• [Data provided]

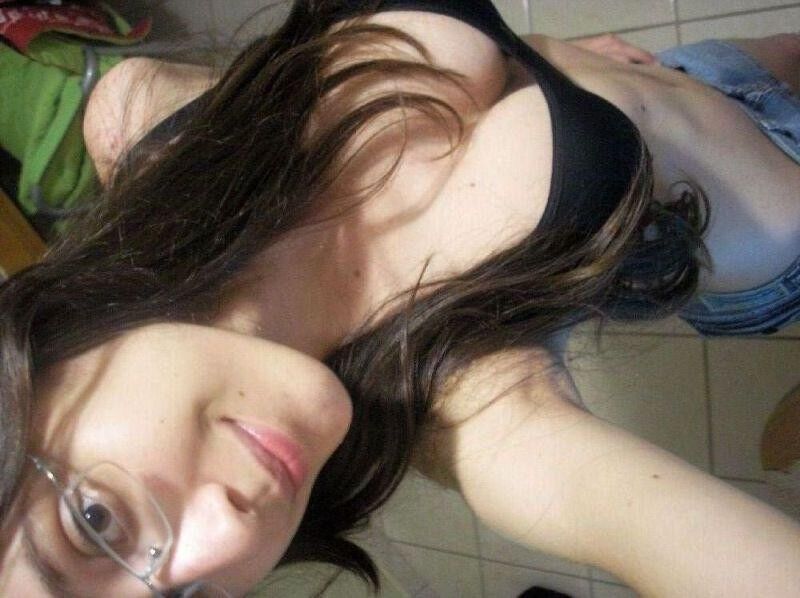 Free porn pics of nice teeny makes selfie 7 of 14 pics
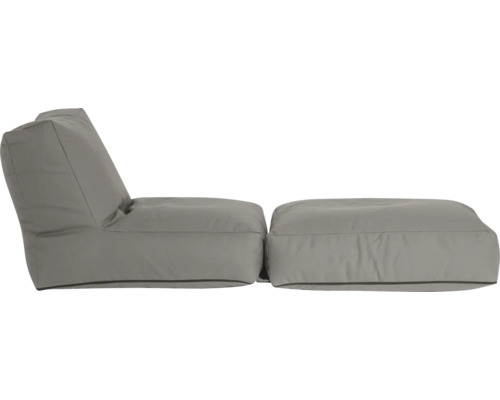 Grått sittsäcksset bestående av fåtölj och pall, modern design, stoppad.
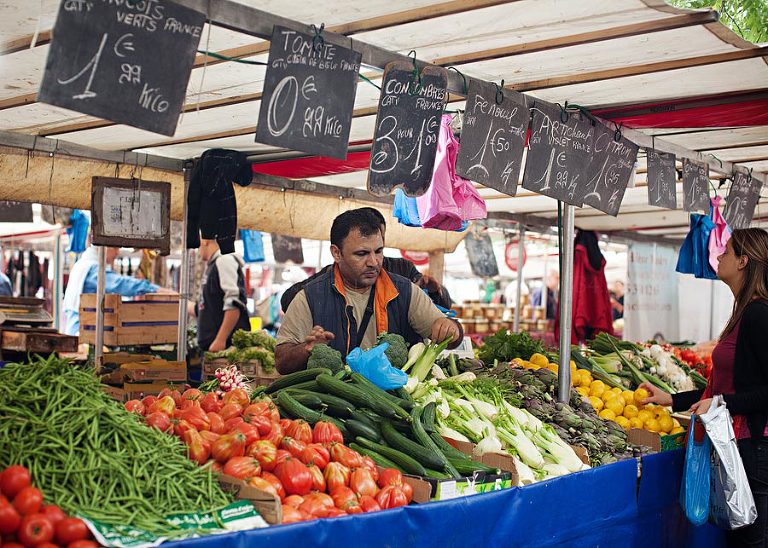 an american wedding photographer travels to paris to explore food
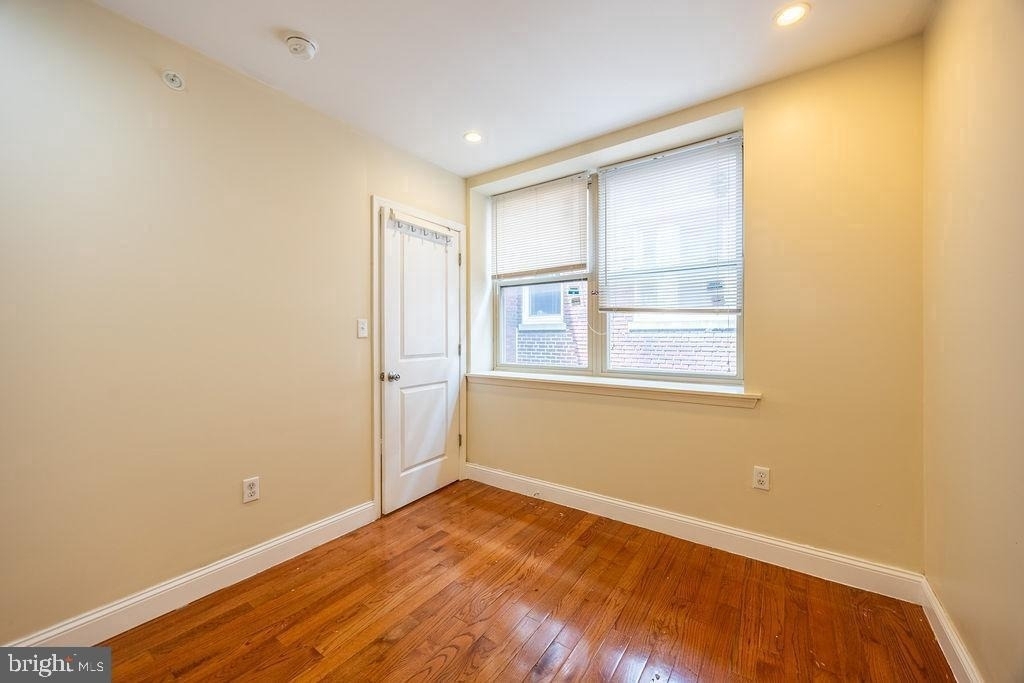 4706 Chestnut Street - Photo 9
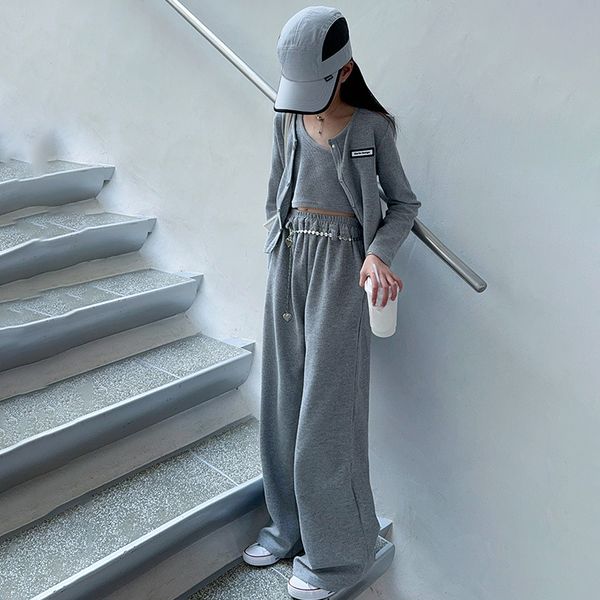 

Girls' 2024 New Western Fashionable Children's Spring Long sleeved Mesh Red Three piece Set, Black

• [Directions for this task] Using the listing above, write out exactly the lines from the one that holds "4706 Chestnut Street - Photo 9" through the last line, both included, and omit pictures.

• [Result]
 4706 Chestnut Street - Photo 9

Girls' 2024 New Western Fashionable Children's Spring Long sleeved Mesh Red Three piece Set, Black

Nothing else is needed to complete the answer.